Every machine learning system you have ever encountered — whether it labels photos, suggests videos, or generates text — was built through the same fundamental engine: a loop that makes a guess, measures how wrong the guess was, adjusts something, and then tries again. Repeat millions of times. This is the training loop, and understanding it reveals what learning actually means for a machine.

The Four Steps

The training loop has four steps that repeat over and over until the model becomes good enough. Step 1 — Predict: The model sees an input (say, an image) and produces an output (say, cat). At the start of training the model has random parameters and its prediction is essentially a random guess. Step 2 — Compare: The model's prediction is compared to the correct answer from the training label. The difference is measured by a function called the loss (sometimes called the error or cost). A big loss means a bad prediction. A loss of zero means a perfect prediction. Step 3 — Adjust: A mathematical procedure called backpropagation calculates which parameters were most responsible for the error. Then an update rule — typically gradient descent — nudges each parameter in the direction that reduces the loss. Step 4 — Repeat: The loop starts again with the next training example (or the next batch of examples). Over millions of iterations the parameters edge closer and closer to values that produce accurate predictions.

The Training Loop

Predict an output. Measure the error (loss). Adjust the parameters to reduce the error. Repeat. This cycle — run over millions of examples — is how a machine learning model learns.

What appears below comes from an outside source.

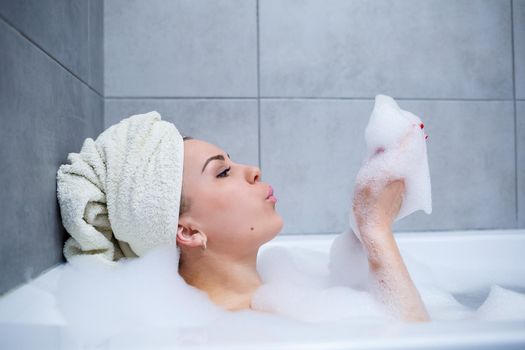 Girl woman with a white towel on her head lies in the bathroom in a white bath. In the hands of a lot of muddy soap. Full whirlpool foam. Relax after a hard day. Spa relaxing treatment
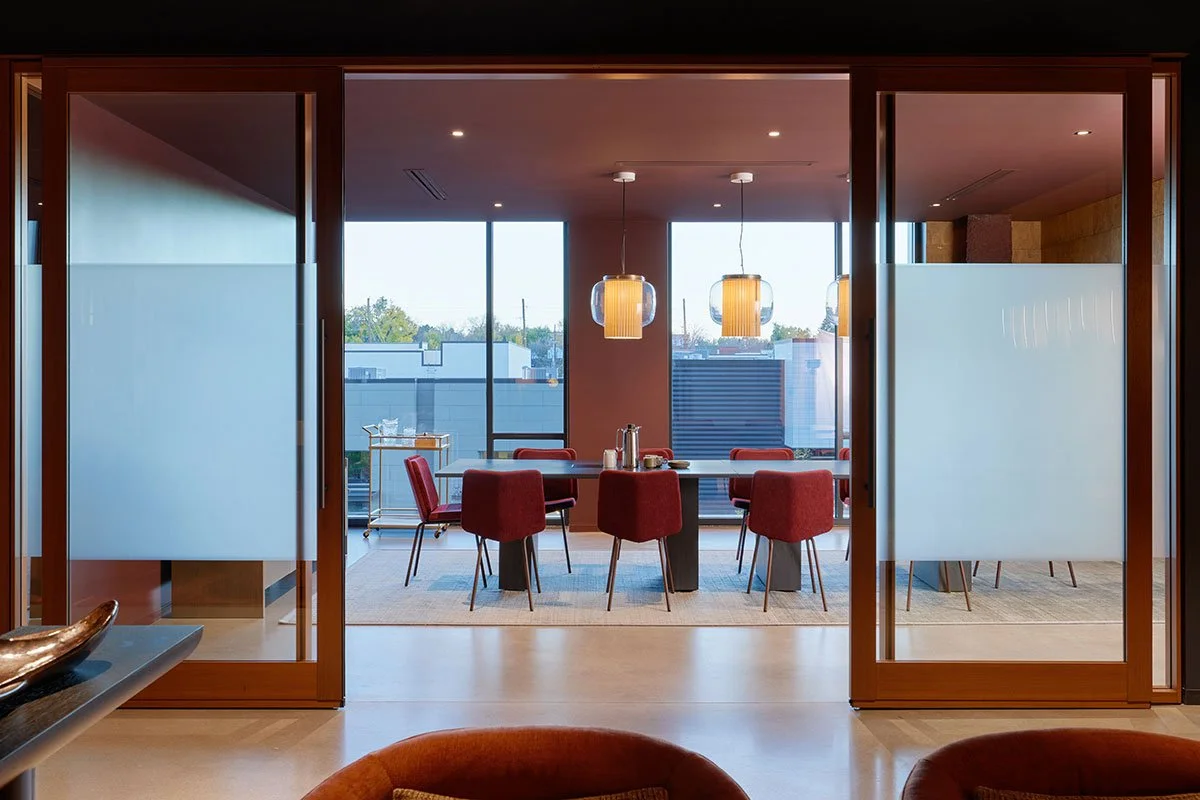 Modern dining room seen through glass sliding doors, featuring a round table with red chairs, pendant lights, large windows with a city view, with a beige rug and minimal decor.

Here is a concrete analogy. Imagine you are learning to throw a basketball. You shoot (predict). You see whether it went in (compare). You adjust your stance and release angle based on what felt wrong (adjust). You shoot again (repeat). Over hundreds of shots, your body's parameters — muscle memory — converge toward the right form. The training loop is exactly this process, formalized in mathematics.

Loss: The Machine's Signal of Wrong

The loss function is the numerical measure of how far off the model's prediction was. Choosing the right loss function matters enormously. For a yes/no classification task the loss might measure whether the model assigned high probability to the wrong class. For a regression task — predicting a house price — the loss might measure the squared difference between the predicted price and the actual sale price. A well-designed loss function tells the model exactly how to be wrong in a way that is useful for getting better. A poorly chosen loss function can cause the model to optimize for something slightly different from what you actually care about — a subtle and important failure mode.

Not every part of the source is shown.